A ação também teve participação do Instituto Mães do Amor em Defesa da Diversidade, de Blumenau.
No entendimento do Tribunal, a norma invadia a competência privativa da União para legislar sobre diretrizes e bases da educação nacional.
O relator do caso, desembargador João Henrique Blasi, votou pela inconstitucionalidade da lei, e foi acompanhado pelos demais integrantes do colegiado.
A decisão em Santa Catarina segue entendimento recente do Supremo Tribunal Federal. Em maio, o STF anulou uma lei semelhante do Espírito Santo, também por considerar que o tema é de competência da União.
A Lei Estadual nº 19.776/2026, de autoria da deputada Ana Campagnolo e sancionada pelo governador Jorginho Mello no início de abril, garantia aos pais e responsáveis o direito de vetar a participação dos estudantes em atividades definidas como “atividades pedagógicas de gênero”, incluindo aulas de gênero e conteúdos relacionados à diversidade sexual.
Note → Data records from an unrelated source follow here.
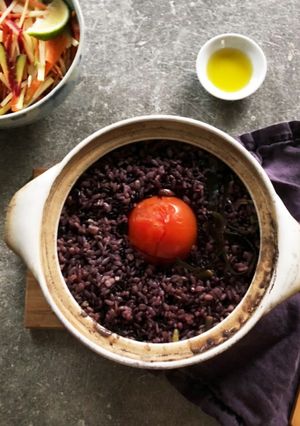黒米入りトマトごはん-レシピのメイン写真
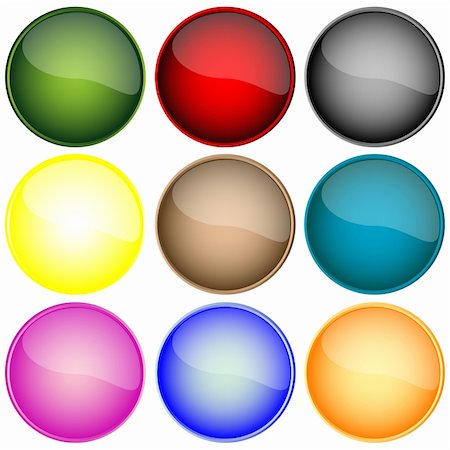 simsearch:400-04840787,k - fresh web buttons isolated on white background, abstract art illustration Stock Photo - Budget Royalty-Free & Subscription, Code: 400-04838175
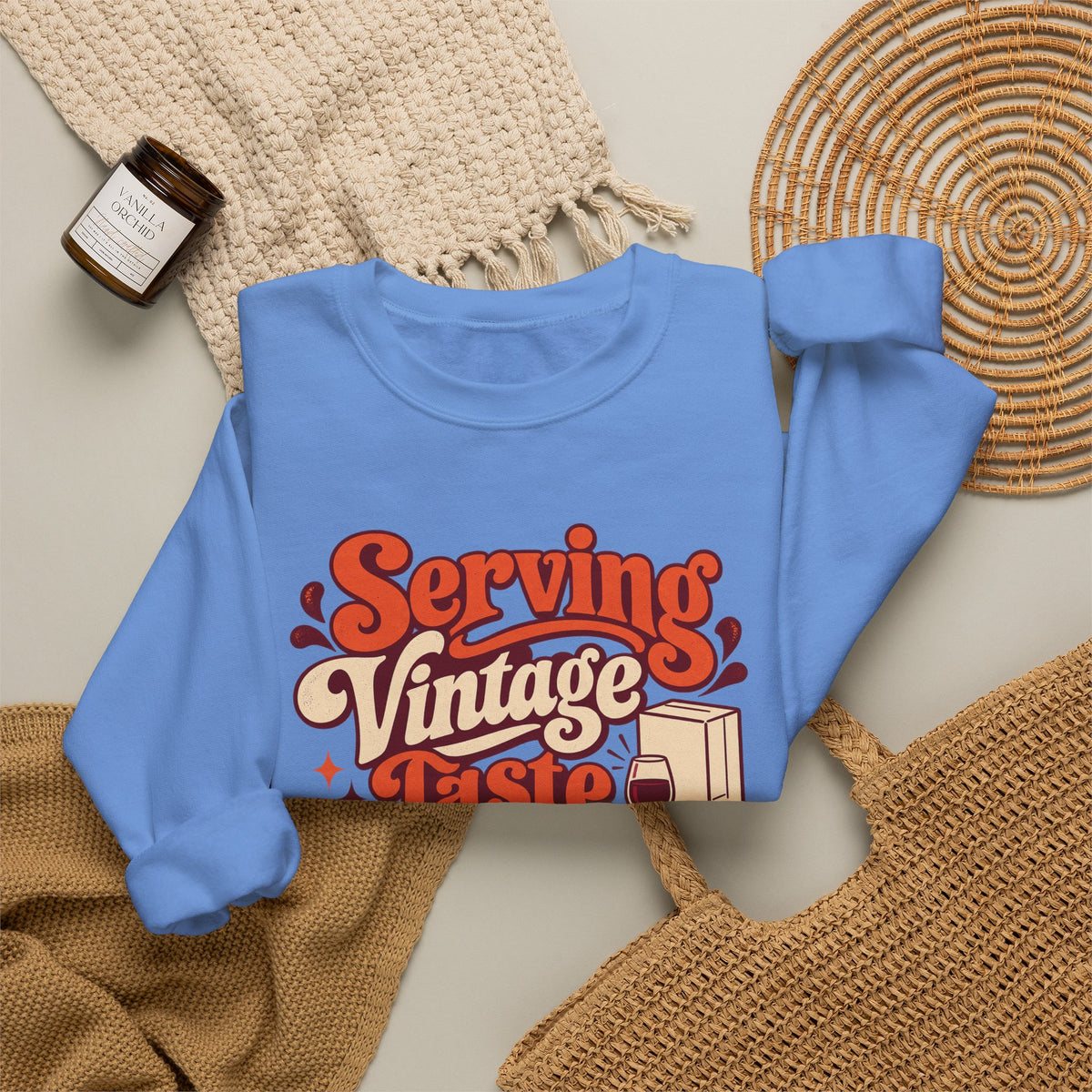 Boxed Budget Wine Sweatshirt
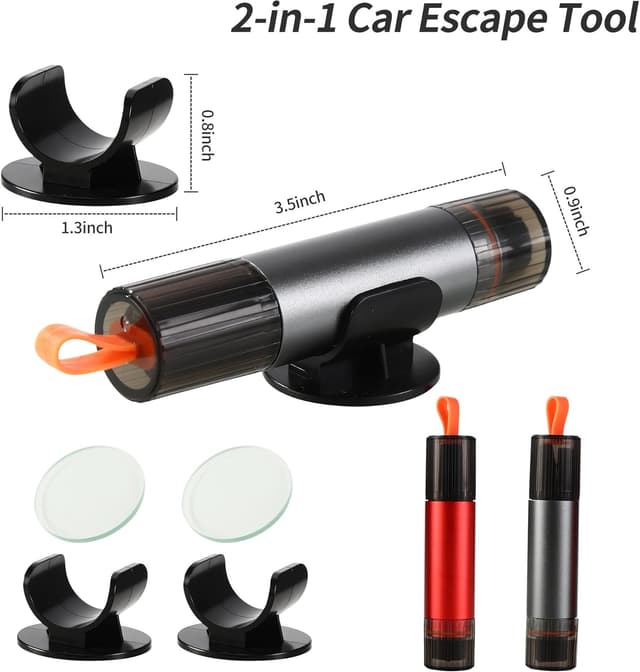 Thumbnail 2 de Gurtschneider Notfallhammer 2er-Set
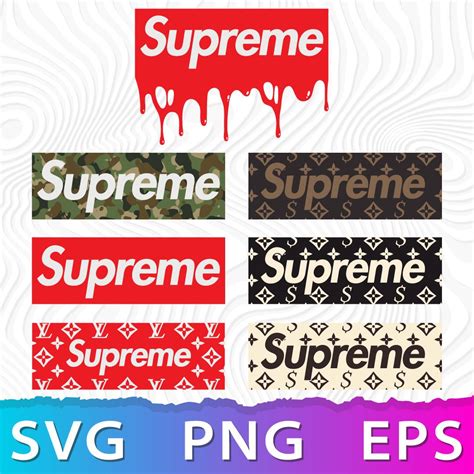 lv supreme sticker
Na ação, os autores sustentaram que a medida representava uma forma de censura prévia no ambiente escolar e contrariava princípios como cidadania, igualdade, liberdade de expressão e liberdade de ensino.
Com a decisão, a lei perde validade no estado. Para os autores da ação, o resultado reafirma a liberdade de ensinar e aprender e reforça o papel da escola como espaço de formação cidadã também em debates sobre aulas de gênero.